海上保安庁の管理責任は問われる。どんなくだらないデータでも職員が気まぐれに流出させることが出来る状態に放置させて良いはずは無いからだ。しかしそれは一般的な管理責任であって、外交の具となり重要性が増したのだから管理責任は重くなったなどという結果論を遡及させてはならない。海上保安庁は常識の範囲内での管理責任を負っているのであり、命令があるまえから政権与党の都合を忖度して行動する義務はない。逆にそんなことをしていたらそれこそ行政組織の独立性を揺るがす由々しき問題だ。

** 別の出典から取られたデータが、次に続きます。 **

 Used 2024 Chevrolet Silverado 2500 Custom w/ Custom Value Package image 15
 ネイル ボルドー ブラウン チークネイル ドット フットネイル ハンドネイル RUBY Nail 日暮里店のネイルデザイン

それどころか初期の管理の緩さは当初は誰もこれを「機密」と認識しておらず当然公開すべきものと考えていた証左ですらある。もちろん馬渕国交相から秘匿命令以降の管理責任はより強く問われるが、表裏としてその命令の当否も問われざるをえない。このケースがあてはまるかどうかは別として、前述のように日本の法令では公務員に良心に従って命令に抗する権利を認めている。



尖閣ビデオ流出、守秘義務違反は問題の本質ではない
誰もが「情報素材」を公開できる環境にどう対応するか
郷原信郎
http://business.nikkeibp.co.jp/article/topics/20101115/217088/?P=4
(略)
 官公庁の情報管理の問題も、国公法上の守秘義務規定という旧来の「事実」中心の制裁規定での対応は困難である。情報の性質や管理の実態に応じて、ルール違反に対して適切な制裁を科すための規定の整備を行っていかなければならない。